What we do know is that Idiap has been accredited since 2019 by the FIDO (Fast IDentity Online) Alliance, which includes many companies, including Big Tech (Google, Amazon, Facebook, Apple, Microsoft) and payment systems providers such as Visa, Mastercard and PayPal. The Valais-based institute is one of twelve laboratories in the world that are authorised to test and certify biometrics systems. In 2020, Idiap was also recognised by Android (Google) to certify the biometrics systems used in its ecosystem. App providers that use Android authentication technologies can have their work tested and approved at Martigny.
"Even with their significant financial resources, big tech giants can’t do everything," says Marcel. "And so multinationals come to us. We first try to hack their biometrics system and then provide solutions to make them more secure. Even though we work with lots of corporations, we remain completely independent. We are not affiliated with any company."

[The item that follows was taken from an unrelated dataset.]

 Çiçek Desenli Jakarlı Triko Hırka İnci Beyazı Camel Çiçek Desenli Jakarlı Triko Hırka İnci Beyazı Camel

So, are current systems reliable? "Generally speaking, yes, but there’s no such thing as infallible technology," says Marcel. "With smartphones, for example, ideally we would want the system to always recognise its owner and never recognise anyone else. But in reality, that’s impossible: a biometrics system that recognises its owner 100% of the time would sometimes let other people in. Conversely, a system that rejects 100% of intruders would regularly reject the phone’s owner as well. So we need to find the best compromise for each specific use case. With smartphones, we err on the side of ease of use, meaning that the devices almost always open for their owner. The current error rate – that is, the number of times the system allows an intruder to unlock a phone – is once per 1,000 attempts. On the other hand, for biometrics systems that control access to very secure locations, such as nuclear plants, we err on the side of security, which means that authorised people often need to attempt to gain entry multiple times."
And what happens if the system is hacked? "Biometrics systems are IT systems just like any other, with one additional aspect: they capture biometric data. That means that they can be attacked by hackers, like any other IT system, but can also be subject to ‘presentation’ attacks of varying degrees of sophistication. For facial recognition, hackers could print a photo and hold it in front of the camera or wear a mask."
In fact, that’s exactly the type of attack Idiap works on. In 2020, the Institute created highly realistic silicone masks, costing 4,000 Swiss francs, to test the limits of facial recognition. "We’re creating increasingly complex attacks to expose the vulnerabilities of each system, and then we build our defences," says Marcel. "Faced with the same attack, two different smartphones wouldn’t react in the same way, for example."
With the development of artificial intelligence, the rise of deepfakes – audio or video recordings created by AI – is a concern for the biometrics industry. Several voice recognition systems have been fooled by AI-generated voices. And as for facial recognition, "it’s possible to attack the system between the scanner and the software by injecting an AI deepfake video. This deepfake then replaces the video that should have been provided by the camera. We’re working on improving security for that as well."
Given this context, should the general public be concerned with the security of biometrics? "Many people publish photos, videos and personal data on social networks and at the same time are afraid of biometrics," says Marcel, wryly. "It’s contradictory and illogical, because you no longer control any data you post online, which poses much more of a risk than the use of biometrics."
But what happens if someone’s biometric data is stolen? "For smartphones that’s unlikely. The data is stored locally on the device inside a chip that destroys itself if you try to force it. On the other hand, when biometric data is stored in databases, that can be stolen. If that happens, we need to find ways to limit the breach, in particular in a way that ensures no raw data is preserved."